The task: Retype the line where "Chinchilla in habitat; text that says deals" appears and each line that follows it down to the last line of the records below. Leave the pictures out.

Data for processing:

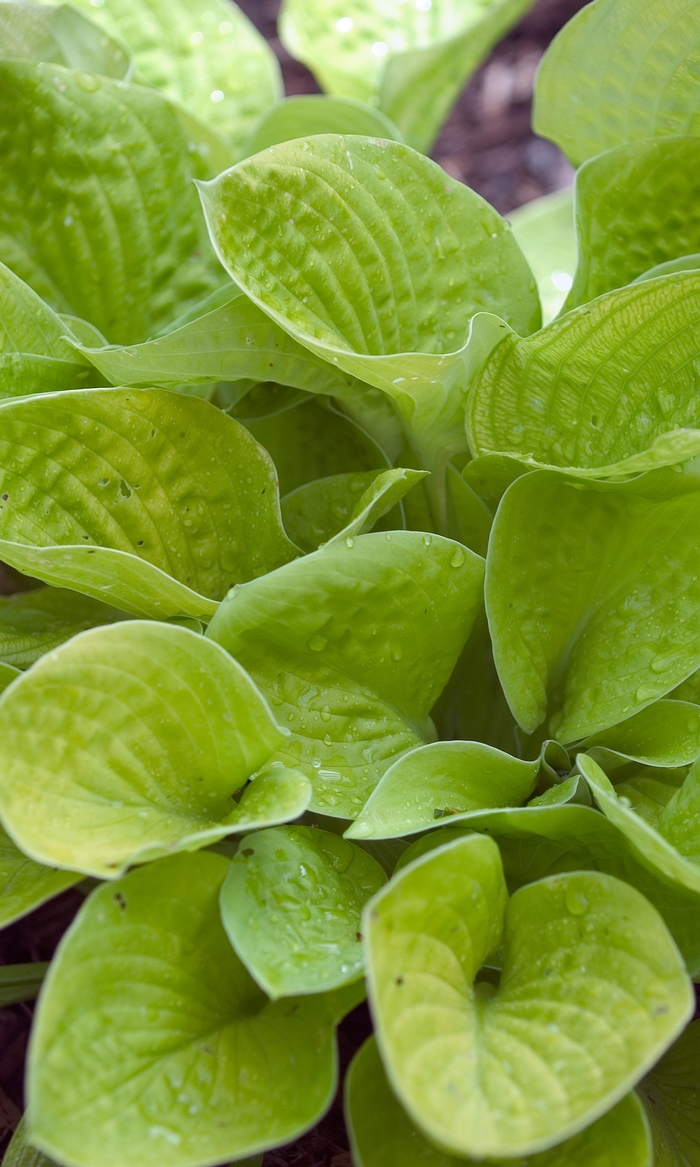 Plantain Lily - Hosta 'Maui Buttercups' from E.C. Brown's Nursery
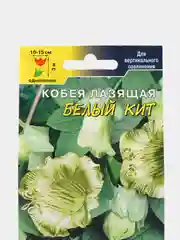Семена цветов Кобея "Белый Кит"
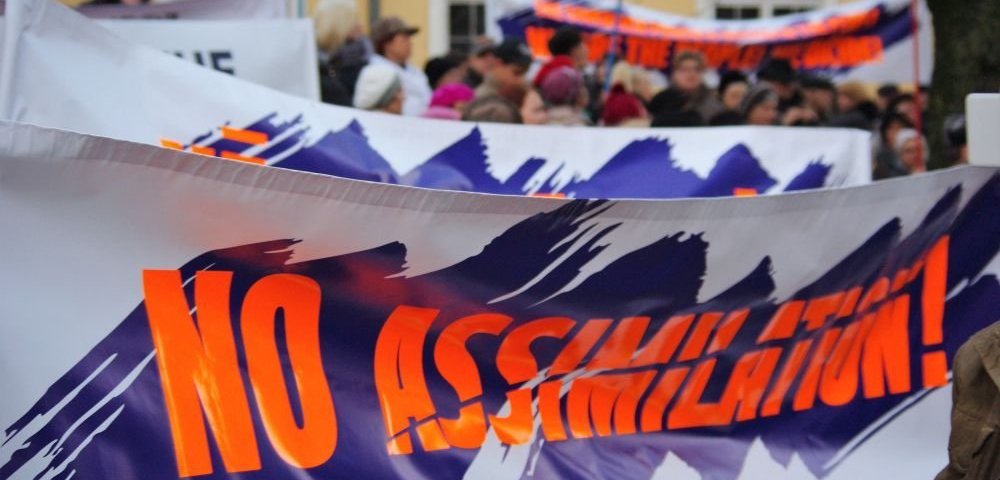 "Нет ассимиляции!" Плакат во время шествия за русский язык. 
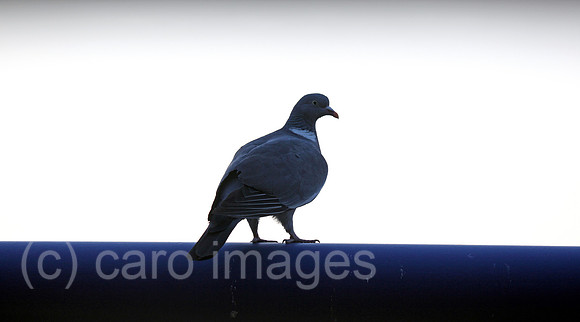 0BS090920D001CARO.JPG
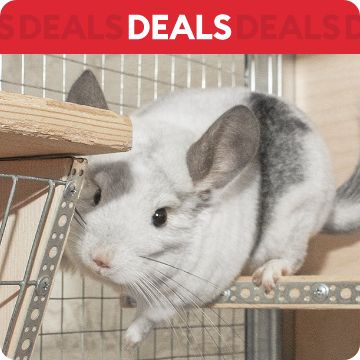 Chinchilla in habitat; text that says deals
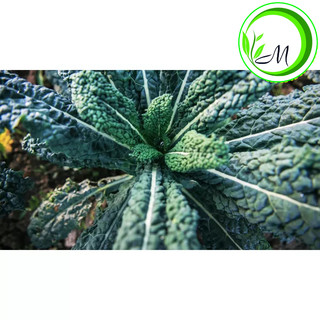 Hạt giống cải Kale khủng long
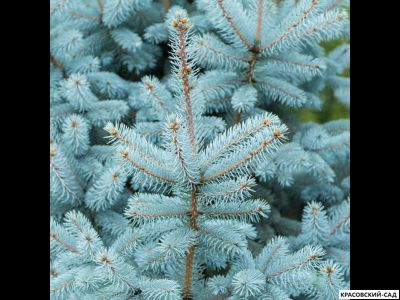 Ель Глаука - Glauca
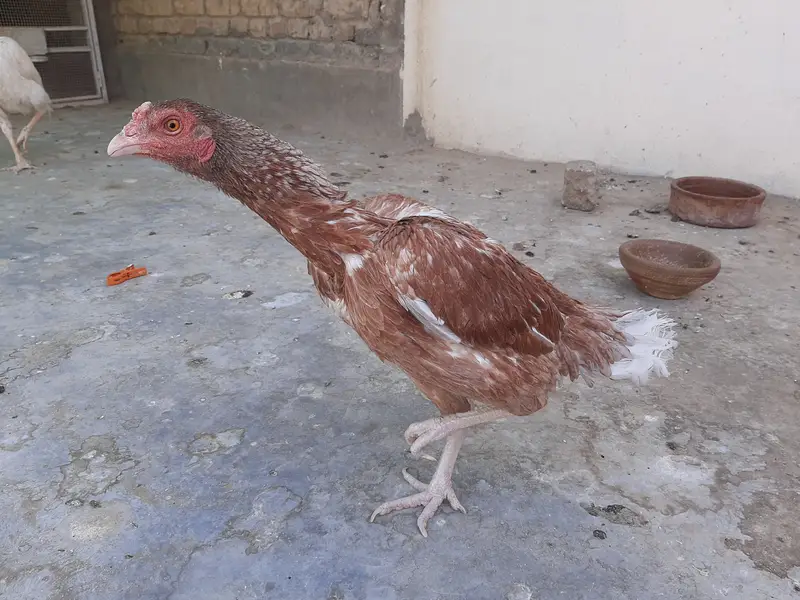 Miawali Peeli Aseel — photo 2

Output below:
 Chinchilla in habitat; text that says deals
 Hạt giống cải Kale khủng long
 Ель Глаука - Glauca
 Miawali Peeli Aseel — photo 2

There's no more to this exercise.